En disant cela, M. Swiveller saisit de nouveau la main de la petite servante: faible et triste comme il l'était, il n'eût pas manqué, en voulant lui exprimer ses remercîments, de se rendre les yeux aussi rouges que l'étaient ceux de la jeune fille: mais celle-ci coupa net à l'émotion en forçant Richard à s'étendre dans son lit et le pressant de se tenir en repos.
«Le docteur, dit-elle, a recommandé que vous soyez bien tranquille, et qu'on ne vous fasse pas de bruit. Allons, faites un somme; nous causerons ensuite.
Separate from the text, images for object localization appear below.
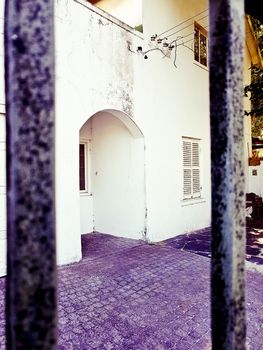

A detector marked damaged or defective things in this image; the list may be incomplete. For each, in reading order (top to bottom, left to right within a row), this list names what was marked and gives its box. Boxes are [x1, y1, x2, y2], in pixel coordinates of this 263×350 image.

rusty metal bar [4, 0, 57, 348]
rusty metal bar [210, 1, 248, 348]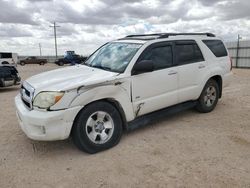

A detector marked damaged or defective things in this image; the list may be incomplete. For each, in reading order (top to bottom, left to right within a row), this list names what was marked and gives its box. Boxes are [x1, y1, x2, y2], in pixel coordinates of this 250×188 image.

crumpled hood [25, 64, 118, 93]
cracked headlight [33, 91, 64, 108]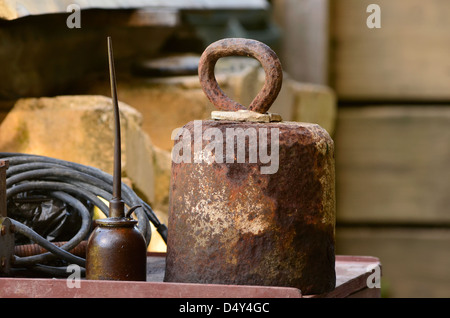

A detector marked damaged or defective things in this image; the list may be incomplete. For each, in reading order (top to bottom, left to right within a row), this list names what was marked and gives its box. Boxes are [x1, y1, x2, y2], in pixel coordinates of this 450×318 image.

rusty metal loop [200, 37, 284, 113]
Je resterai assise auprès de vous. Fermez vos yeux, vous vous endormirez peut-être. Cela vous fera du bien, essayez.»
La marquise tira alors une petite table contre le lit, s'assit auprès, et avec l'adresse d'une vingtaine de pharmaciens se mit en devoir de préparer des boissons rafraîchissantes. Quant à Richard, fatigué comme il l'était, il ne tarda pas à s'endormir. Au bout de quelque temps il se réveilla et demanda quelle heure il était.
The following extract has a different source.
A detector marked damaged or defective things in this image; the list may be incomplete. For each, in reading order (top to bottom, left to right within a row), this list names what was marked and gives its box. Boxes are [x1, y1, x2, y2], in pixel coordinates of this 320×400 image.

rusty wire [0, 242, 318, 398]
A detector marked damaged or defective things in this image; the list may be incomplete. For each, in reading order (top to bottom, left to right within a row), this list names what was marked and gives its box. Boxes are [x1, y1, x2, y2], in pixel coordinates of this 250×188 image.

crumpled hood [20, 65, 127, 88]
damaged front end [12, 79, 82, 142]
«Juste six heures et demie,» répondit la marquise en l'aidant à se remettre sur son séant.
Richard appuya la main sur son front et se tourna tout à coup, comme s'il venait de lui passer une idée subite par la tête.
«Marquise, dit-il, qu'est devenu Kit?
– Il a été condamné à je ne sais combien d'années de déportation.
– Est-il parti?.. et sa mère?.. que fait-elle?.. qu'est-elle devenue?»
La petite garde-malade secoua la tête et répondit qu'elle n'en savait rien du tout.
«Mais, ajouta-t-elle, si vous vouliez me promettre de rester tranquille, et de ne pas vous donner encore une rechute, je vous conterais… Mais non, pas à présent.
– Si, si, contez toujours… cela me distraira.
– Oh! non, je suis sûre du contraire, répondit la petite servante, d'un air effaré. Attendez que vous soyez mieux portant, et alors je vous raconterai tout.»
Dick attacha sur sa petite amie un regard pressant. Ses yeux agrandis et creusés par la maladie prirent une expression telle, que la jeune fille en fut épouvantée; elle le supplia de ne plus songer à cela. Mais le peu de mots qu'elle avait prononcés n'avaient pas seulement piqué la curiosité de Richard; ils avaient fait naître en lui de sérieuses inquiétudes. Aussi la pressa-t-il de tout lui dire, quelque fâcheuses que pussent être les nouvelles.